The Brazilian port of Fortaleza is difficult to sum up. Brazil’s 5th largest city seems to be both up and coming, and down and out at the same time. It’s an uneasy mixture of modern and decaying sitting side-by-side.
From a distance, Fortaleza appears to be like Miami Beach – rows of skyscrapers along golden beaches. Yet close up, the tower blocks are interspersed by with plenty of run-down buildings and people sleeping rough. The mixture of wealth and poverty is so jarring that you really don’t know where is safe for the tourist to visit. Our guide started off by telling me that the historic centre of town was “safe”, and then he admitted that he felt scared walking around there.
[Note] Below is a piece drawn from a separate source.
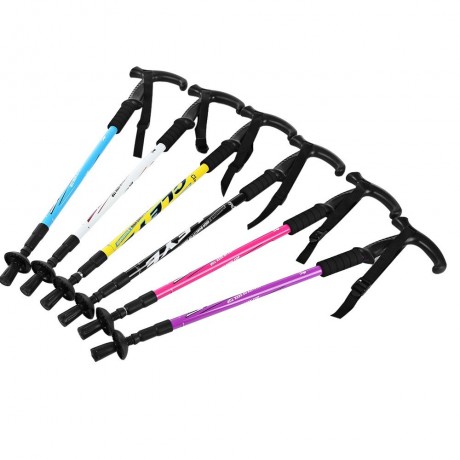 ADJUSTABLE WALKING HIKING STICK TREKKING TRAIL POLES CANES (BLACK)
We walked one way along the beach and there was a real holiday atmosphere; when we started walking the other way a lady stopped us and told us to go no further, it was “perigoso”, dangerous.
Fortaleza’s beaches are undoubtedly beautiful, but the ones in town were being dug up (not a great introduction for people arriving by shuttle bus), and we were advised that they were too polluted to swim in. The cleanest beach, the Praia do Futuro, has some great beach clubs but you have to pass by some pretty sketchy favelas to get there.
We passed by huge modern shopping malls catering to the city’s burgeoning middle classes, but the city centre seems to have been abandoned by the middle classes and left to deteriorate. To me, the whole city seemed like an illustration of Brazil’s fabulous potential, but also a telling sign of its current inability to reach that potential and the terrible inequality that’s holding it back.
Our guide seemed fairly confident that things were improving – the redevelopment of the beach would be fabulous, the restoration of its historic buildings would be inspirational, and that the vacationing masses of the Brazilian market would bring in lots of wealth. Fortaleza has a long way to go - I can only hope that it’s going in the right direction.